(Stored entries)
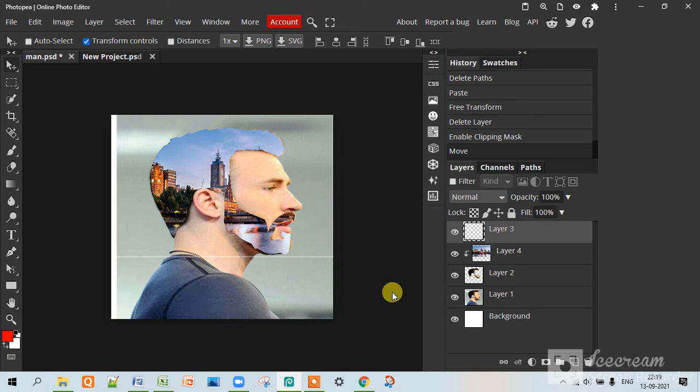Something like this in Photopea. I know your answer is yes, that's why you have clicked on this video. So let's start this video and I will teach you how did I do this.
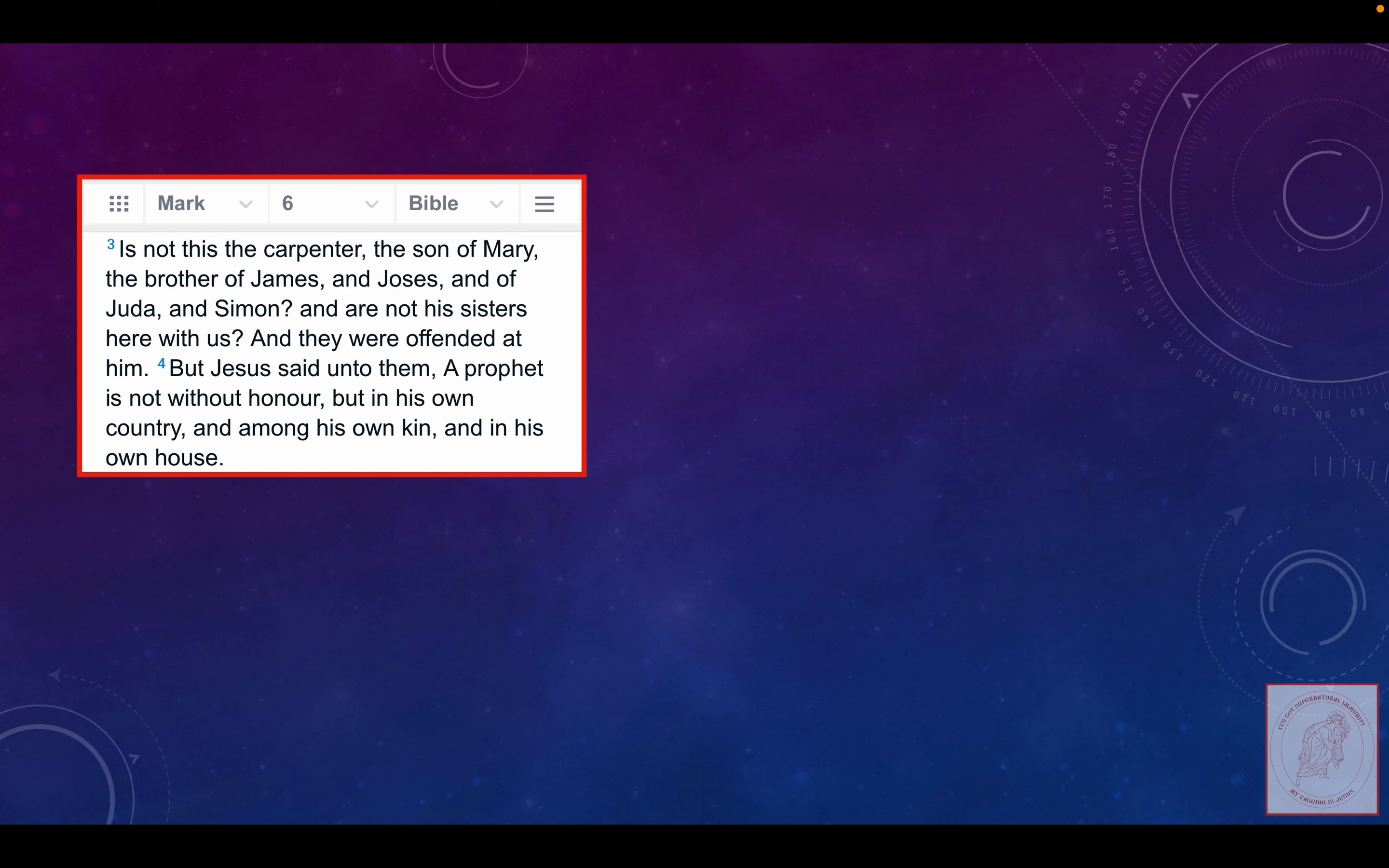And they were offended at him. So notice these Jews are offended at Lord Jesus. So what does that tell us about their spiritual heart and spiritual eyes and spiritual ears and spiritual mind? But Jesus said unto them, 'A prophet is not without honor, but in his own country and among his own kin and in his own house.'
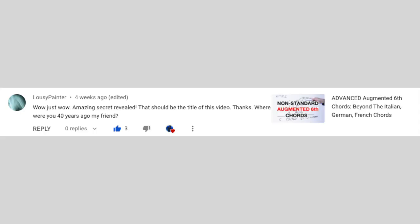Amazing secret revealed — that should be the title of this video. Thanks. Where were you 40 years ago, my friend? 40 years ago I was probably still crawling in my crib. So sorry if I couldn't be there — I'm doing my best. That's the fastest I could be here. But thank you.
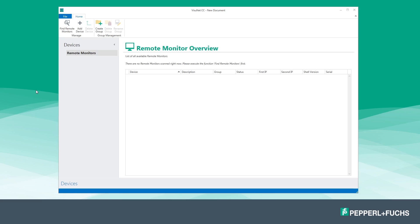The software makes it really easy to configure and manage your remote monitors from one central point. The control center's user interface is divided into three main sections: the navigation menu with the remote monitor overview on the left, the function bar on top, and the main section in the middle of the control center screen.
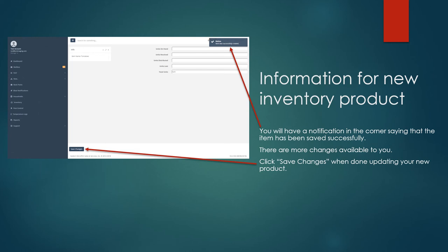The units received, the units distributed, the units lost, and this equals the total units. The total units automatically calculates, so once you put in your figures, it will be saved successfully in the total units box.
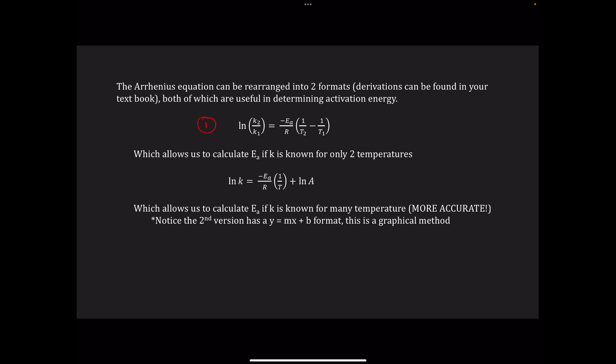Ea is our activation energy, and R is our ideal gas constant in terms of energy — 8.314 joules per mole Kelvin. This means that T, our temperature, must be in Kelvin.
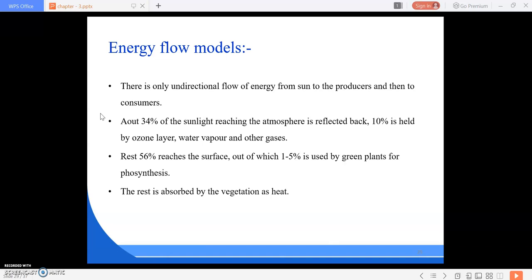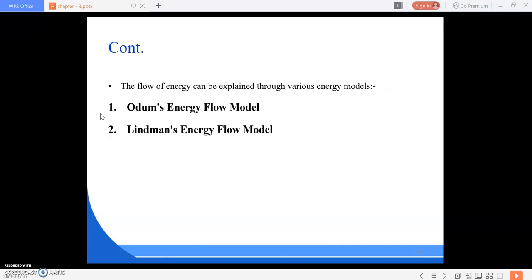The rest is absorbed as heat by ground, vegetation, or water. The flow of energy in an ecosystem can be explained with the help of various energy flow models. We are going to study Odum's energy flow model and Lindemann's energy flow model. They explain how much energy is transferred from one trophic level to another, how much percentage is wasted, and how it transfers from green plants to herbivores and herbivores to carnivores.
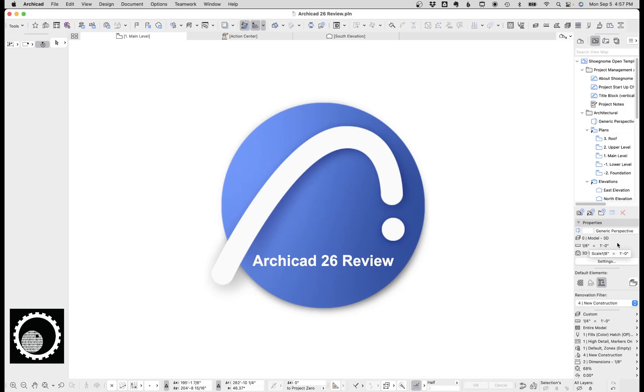Hi, this is Jared from ShoeGnome, and today we're going to talk about ArchiCAD 26.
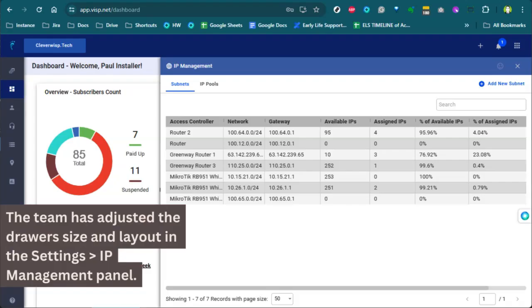The team has adjusted the drawer size and layout in the Settings IP Management Panel or IPAM.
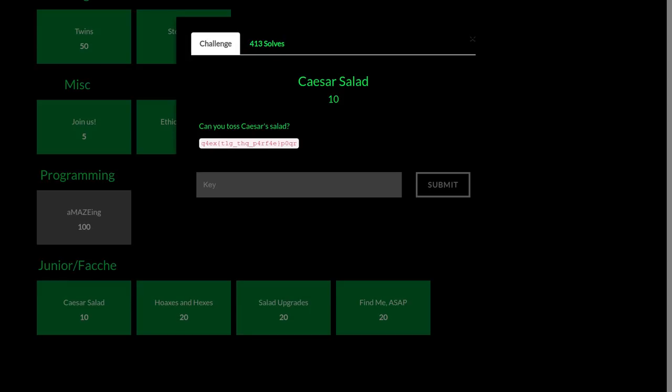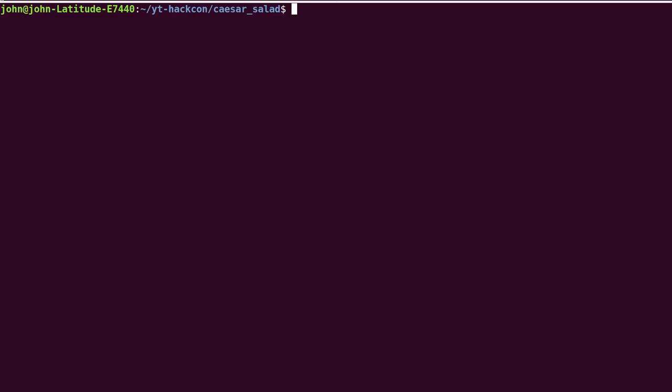This is a video write-up for the challenge Caesar Salad from HackOn2018. The challenge prompt here is, can you toss Caesar Salad? And it gives us this code here that we can copy and paste into our terminal and work with.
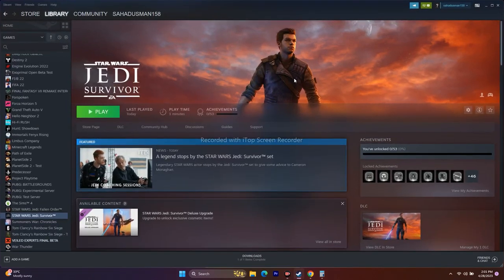These are all the possible workarounds to try when you're having crashing or other issues with Star Wars Jedi Survivor. I hope this video is helpful. If you found it helpful, don't forget to subscribe and click the bell icon for more notifications. See you soon in the next video — peace out, bye bye.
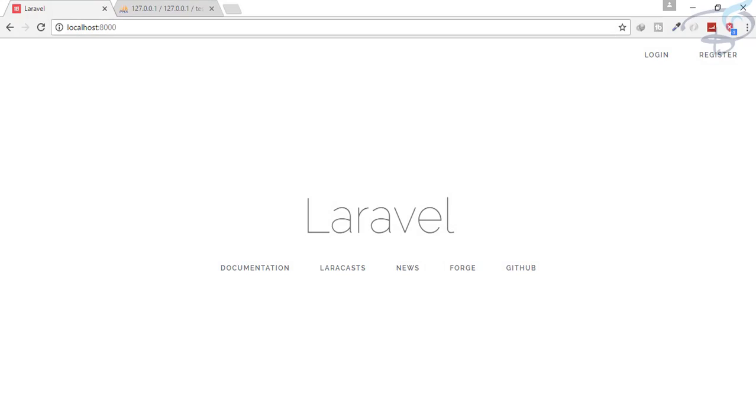Hey friends, welcome back to Bitfumes. I am your host Sarthak, you can also call me Ankur. This is a channel where I talk about Laravel and the cool things about Laravel.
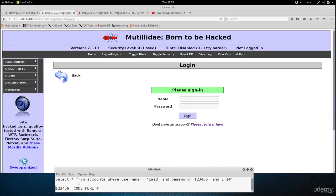Now we know that we can put any code we want in here and it's going to be executed on the system. Let's have another look at the statement: SELECT * FROM accounts WHERE username is equal to the username we put here and password is equal to the password we put there. Let's see if we can use that to log in without using a password, without even knowing the password.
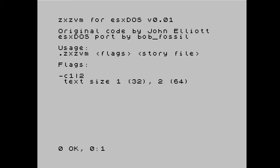I've implemented ZXZVM as a dot command, so if we do .ZXZVM without any parameters we get some basic usage instructions. The story file is the actual thing you need to run the game — that's usually a file with a .Z and then a number, so .Z3 or .Z5. It basically supports all the story files that ZXZVM supports. I've added just the one flag at the moment: screen display can either be the standard Spectrum 32-character display like you see here, or it can do a pseudo 64-character mode like you get in Tasword 2, displaying more text at the cost of slightly less legible characters as they're half the width.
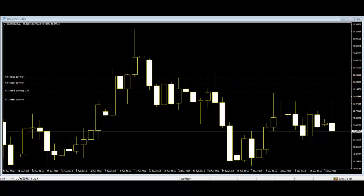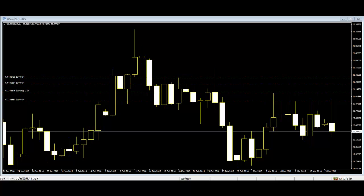Though candlestick patterns are a helpful tool, there are many problems regarding them. The most common problem is misinterpretation of the patterns. This happens because many people blindly follow the patterns without having basic knowledge of candlesticks.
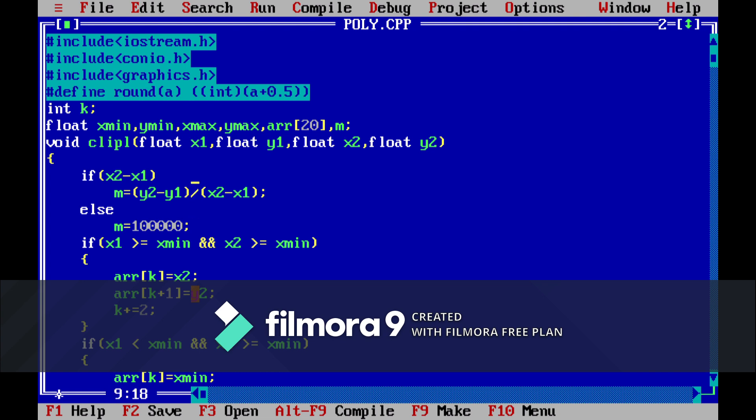If x2 is not less than x1 means we don't need to clip the polygon from the left, so we will put an infinite value inside the m.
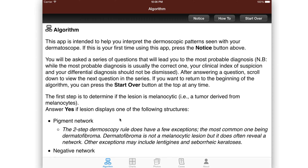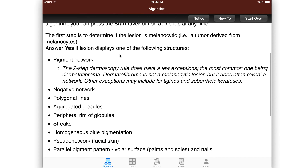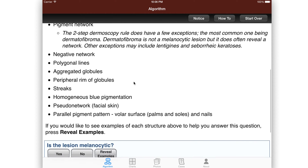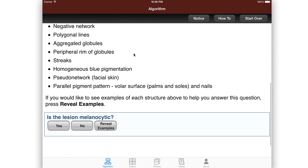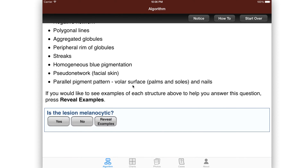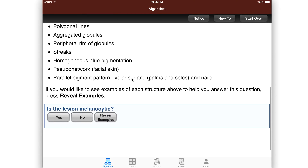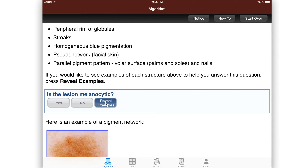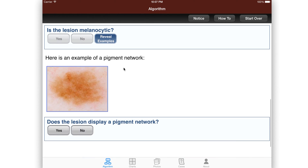If you follow the algorithm, it will teach you how to determine what is melanocytic by answering these questions. Does your image show any of these things such as pigment network or negative network, streaks, homogeneous blue patterns, all the patterns that are there. If you're following the algorithm, you answer the question: was it melanocytic, yes or no?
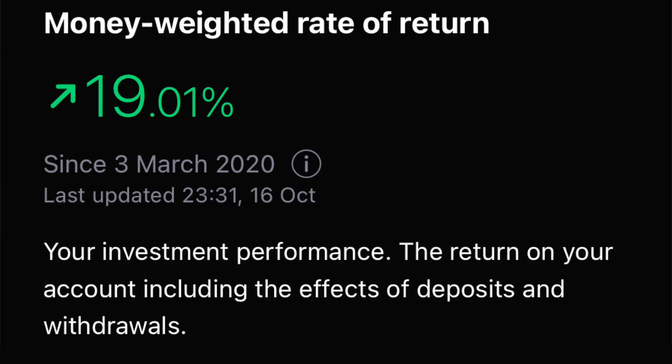Welcome back to the channel. Please hit the like button and subscribe, and ring that notification bell. In today's video we're going to discuss money weighted rate of return and time weighted rate of return — big mouthful, so I'm probably just going to say MWR or TWR. Essentially these are two different ways to measure your portfolio performance.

WHAT YOU SHOULD DO
Take the lines from the start of the entries through the line containing "Amazing secret revealed" and set them down exactly, leaving out every picture.

REPLY TO THE TASK
Something like this in Photopea. I know your answer is yes, that's why you have clicked on this video. So let's start this video and I will teach you how did I do this.
And they were offended at him. So notice these Jews are offended at Lord Jesus. So what does that tell us about their spiritual heart and spiritual eyes and spiritual ears and spiritual mind? But Jesus said unto them, 'A prophet is not without honor, but in his own country and among his own kin and in his own house.'
Amazing secret revealed — that should be the title of this video. Thanks. Where were you 40 years ago, my friend? 40 years ago I was probably still crawling in my crib. So sorry if I couldn't be there — I'm doing my best. That's the fastest I could be here. But thank you.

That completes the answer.